With the wide deployment of advancing metering infrastructure (AMI) in power distribution systems, the quantity of power consumers' electricity data is increasing rapidly and the data also become more and more accurate. To make full use of these power consumers' AMI data, a data-driven abnormity assessment algorithm for low-voltage power consumers is proposed based on the CRITIC (CRiteria Importance Though Intercrieria Correlation) method and the improved radar chart method. First, the indexes that characterize the consumer's abnormal features of power consumption and supplies are extracted from the original AMI data. Then, the abnormity assessment algorithm is used to determine power consumers' abnormal features of power consumption and supplies by using the extracted indexes, in which the weights of indexes are determined by the CRITIC method and the assessment value of abnormal features is determined by the improved radar chart method. Next, the abnormity assessment algorithm is used again to assess power consumers' power consumption and supplies abnormities. Finally, the effectiveness of proposed algorithm is demonstrated in case studies by employing AMI data collected from power utilities in Zhejiang Province, China, and the results show that the algorithm can be used in actual applications.

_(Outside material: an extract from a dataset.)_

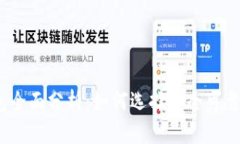 2013年比特币在线钱包全面分析：如何选择安全可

机译:随着推进计量基础设施(AMI)的广泛部署,电力消费者电力数据的数量正在迅速增加,数据也变得越来越准确。为了充分利用这些功率消费者的AMI数据,基于评论家(虽然是Intercrieria相关性的标准重要性)方法和改进的雷达图方法,提出了一种数据驱动的低压功耗消费者的异常评估算法。首先,从原始AMI数据中提取了表征消费者异常特征的索引。然后,通过使用提取的索引来确定异常评估算法来确定功耗和电源的异常特征,其中索引的权重由批评方法确定,并且异常特征的评估值由改进确定雷达图方法。接下来,再次使用异常评估算法以评估功率消费者的功耗并提供异常。最后,通过采用从浙江省浙江省电力公用事业公司的AMI数据和结果来证明所提出的算法的有效性,结果表明该算法可用于实际应用。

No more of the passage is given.